Agriculturally, the sickle gave its place and power to the cradle, and it in time gave its place and power to the reaper. The wooden mould board plow gave place to the iron one, and the common little bar shear gave place to the shovel, and it to the double shovel, and it in turn to the cultivator. The short old Dutch-English scythe gave place to the blacksnake, and it in turn gave up its place to the mower.
In these cases, as in a thousand others, the muscles of man was relieved by the muscles of the horse and the powers generated by mechanics, and so it is and ever will be, and yet we in the West are hewers of wood and drawers of water, and yet I dare not say “and so it is and ever will be.” God forbid. The wooden flail gave place to the treading, round-going ox, and he to the thresher. The cotton sheet, in a storm of wind, cleaning the grain, was succeeded by the fanning mill, and all these gave up their place and power to the threshers. The wooden rake has been succeeded by the horse rake.
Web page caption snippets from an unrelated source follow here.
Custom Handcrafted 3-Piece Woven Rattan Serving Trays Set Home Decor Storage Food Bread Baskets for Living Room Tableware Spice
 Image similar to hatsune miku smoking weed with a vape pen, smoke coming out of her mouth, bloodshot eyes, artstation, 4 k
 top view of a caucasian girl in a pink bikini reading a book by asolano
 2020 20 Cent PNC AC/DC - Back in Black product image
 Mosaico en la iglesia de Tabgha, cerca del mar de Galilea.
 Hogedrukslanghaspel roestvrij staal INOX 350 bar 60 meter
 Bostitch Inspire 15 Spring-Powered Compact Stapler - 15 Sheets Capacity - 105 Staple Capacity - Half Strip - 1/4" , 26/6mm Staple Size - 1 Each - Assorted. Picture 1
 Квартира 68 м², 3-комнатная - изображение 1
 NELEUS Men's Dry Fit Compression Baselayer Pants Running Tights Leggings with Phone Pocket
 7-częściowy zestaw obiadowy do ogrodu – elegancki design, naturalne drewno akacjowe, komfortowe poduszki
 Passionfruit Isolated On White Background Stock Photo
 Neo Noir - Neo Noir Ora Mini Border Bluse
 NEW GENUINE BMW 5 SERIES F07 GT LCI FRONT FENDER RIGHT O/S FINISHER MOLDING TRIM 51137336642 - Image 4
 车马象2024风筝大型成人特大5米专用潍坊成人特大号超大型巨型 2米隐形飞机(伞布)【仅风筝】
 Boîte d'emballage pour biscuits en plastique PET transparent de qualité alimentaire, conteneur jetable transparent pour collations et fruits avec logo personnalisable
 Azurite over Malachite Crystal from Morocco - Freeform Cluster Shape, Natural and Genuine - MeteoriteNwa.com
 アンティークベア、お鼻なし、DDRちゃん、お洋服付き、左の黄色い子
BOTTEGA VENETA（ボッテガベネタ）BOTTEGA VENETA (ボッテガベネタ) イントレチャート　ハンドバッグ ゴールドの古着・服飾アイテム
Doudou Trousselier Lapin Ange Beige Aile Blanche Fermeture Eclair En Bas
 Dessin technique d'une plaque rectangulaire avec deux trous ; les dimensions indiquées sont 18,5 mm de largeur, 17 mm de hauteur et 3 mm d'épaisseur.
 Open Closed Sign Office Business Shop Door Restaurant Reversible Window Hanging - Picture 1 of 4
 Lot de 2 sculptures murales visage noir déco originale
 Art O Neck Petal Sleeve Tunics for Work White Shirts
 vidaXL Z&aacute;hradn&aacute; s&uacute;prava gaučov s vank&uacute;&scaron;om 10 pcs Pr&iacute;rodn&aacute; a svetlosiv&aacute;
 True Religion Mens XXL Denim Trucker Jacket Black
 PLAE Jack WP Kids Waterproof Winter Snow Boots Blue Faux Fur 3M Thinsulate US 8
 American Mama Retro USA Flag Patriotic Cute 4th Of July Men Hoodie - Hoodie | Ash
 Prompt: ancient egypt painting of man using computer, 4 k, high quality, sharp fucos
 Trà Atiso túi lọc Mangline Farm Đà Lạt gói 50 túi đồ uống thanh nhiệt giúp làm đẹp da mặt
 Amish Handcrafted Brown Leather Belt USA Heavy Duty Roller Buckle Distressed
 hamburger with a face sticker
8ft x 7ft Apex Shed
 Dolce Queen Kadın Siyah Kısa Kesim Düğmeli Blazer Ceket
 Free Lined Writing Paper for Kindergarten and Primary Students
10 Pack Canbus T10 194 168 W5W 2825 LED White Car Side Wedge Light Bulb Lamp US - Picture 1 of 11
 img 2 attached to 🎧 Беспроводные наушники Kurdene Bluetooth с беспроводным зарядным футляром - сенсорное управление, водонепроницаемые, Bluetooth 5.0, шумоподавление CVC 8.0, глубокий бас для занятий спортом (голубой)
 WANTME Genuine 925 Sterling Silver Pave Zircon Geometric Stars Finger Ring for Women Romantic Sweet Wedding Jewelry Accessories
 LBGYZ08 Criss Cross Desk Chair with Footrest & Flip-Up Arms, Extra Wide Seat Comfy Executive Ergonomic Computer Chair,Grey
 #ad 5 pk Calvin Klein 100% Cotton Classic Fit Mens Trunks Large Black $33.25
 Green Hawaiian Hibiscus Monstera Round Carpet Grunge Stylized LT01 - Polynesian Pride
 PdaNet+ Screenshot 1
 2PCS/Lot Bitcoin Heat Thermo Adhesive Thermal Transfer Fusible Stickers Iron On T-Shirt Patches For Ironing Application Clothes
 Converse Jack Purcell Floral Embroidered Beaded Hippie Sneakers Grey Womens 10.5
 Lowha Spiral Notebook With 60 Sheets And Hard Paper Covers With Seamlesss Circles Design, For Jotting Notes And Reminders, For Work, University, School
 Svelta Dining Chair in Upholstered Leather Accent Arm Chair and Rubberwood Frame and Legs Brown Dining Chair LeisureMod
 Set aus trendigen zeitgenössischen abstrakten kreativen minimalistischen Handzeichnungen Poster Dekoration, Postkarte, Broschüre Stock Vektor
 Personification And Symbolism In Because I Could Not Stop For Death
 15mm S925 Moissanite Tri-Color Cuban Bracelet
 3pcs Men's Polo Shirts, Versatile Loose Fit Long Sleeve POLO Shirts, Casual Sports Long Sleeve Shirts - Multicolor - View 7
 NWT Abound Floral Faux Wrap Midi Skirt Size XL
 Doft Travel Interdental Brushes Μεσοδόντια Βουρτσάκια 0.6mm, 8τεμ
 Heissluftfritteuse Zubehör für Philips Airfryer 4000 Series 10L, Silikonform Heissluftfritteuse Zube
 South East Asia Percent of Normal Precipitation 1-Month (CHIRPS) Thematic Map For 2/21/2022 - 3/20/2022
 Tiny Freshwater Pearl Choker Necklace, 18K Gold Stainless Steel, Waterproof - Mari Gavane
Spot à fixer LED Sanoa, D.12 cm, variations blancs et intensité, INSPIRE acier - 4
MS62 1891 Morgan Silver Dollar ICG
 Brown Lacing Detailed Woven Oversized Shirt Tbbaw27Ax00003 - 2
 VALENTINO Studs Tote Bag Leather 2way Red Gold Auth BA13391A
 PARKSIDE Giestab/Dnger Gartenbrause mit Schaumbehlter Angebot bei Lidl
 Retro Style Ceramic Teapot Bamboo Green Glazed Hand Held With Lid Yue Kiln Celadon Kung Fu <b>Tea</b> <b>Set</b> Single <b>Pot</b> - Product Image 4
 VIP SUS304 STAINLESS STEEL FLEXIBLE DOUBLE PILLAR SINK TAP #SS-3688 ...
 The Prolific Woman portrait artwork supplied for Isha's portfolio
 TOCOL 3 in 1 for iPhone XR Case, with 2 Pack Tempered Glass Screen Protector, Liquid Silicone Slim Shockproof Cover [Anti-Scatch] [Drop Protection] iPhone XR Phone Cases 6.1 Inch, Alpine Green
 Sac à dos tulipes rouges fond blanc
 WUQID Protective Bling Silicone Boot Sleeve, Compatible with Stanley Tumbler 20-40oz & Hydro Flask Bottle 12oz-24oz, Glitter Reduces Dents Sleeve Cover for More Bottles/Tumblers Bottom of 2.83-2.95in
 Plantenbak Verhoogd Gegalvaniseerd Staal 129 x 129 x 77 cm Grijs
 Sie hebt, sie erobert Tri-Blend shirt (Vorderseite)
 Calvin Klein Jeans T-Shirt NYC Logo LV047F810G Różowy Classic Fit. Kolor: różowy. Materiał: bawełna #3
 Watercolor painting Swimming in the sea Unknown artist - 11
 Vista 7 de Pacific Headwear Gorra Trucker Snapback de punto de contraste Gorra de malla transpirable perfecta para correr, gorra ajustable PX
The whip-saw has given up the ghost before the mill-saw; the muscles of man to the forces of nature.
Originally in the West the ox did all the work; he hauled everything, worked everywhere, and at all times; he hauled goods from St. Louis at one dollar per hundred, and from Beardstown at forty cents per hundred; he plowed, threshed, hauled, tread the mill; if not obedient was goaded and whipped by their angry masters, and for his great services was fattened, killed and eaten by those whom he had enriched. God, it is said, is merciful to man, but how is it with the poor ox? It was once shortly and pungently said that “Illinois was hell on oxen and women.”
The ox-mill and the horse-mill, as well as the water-mill, that ground out every hour about as much as a good hazel-splitting sow with a litter of pigs could eat, has succumbed – has all been surpassed by the steam mill grinding out its thousand barrels daily. …
Originally, we sent letters and messages by horse, now we send them by steam and electricity, as it were, beating in speed, time itself. So we have lived, are living, and will continue to live. The past is nothing, the present is nothing, the great future will be all.
From the History of Sangamon County, Illinois (Inter-state Publishing Co., 1881).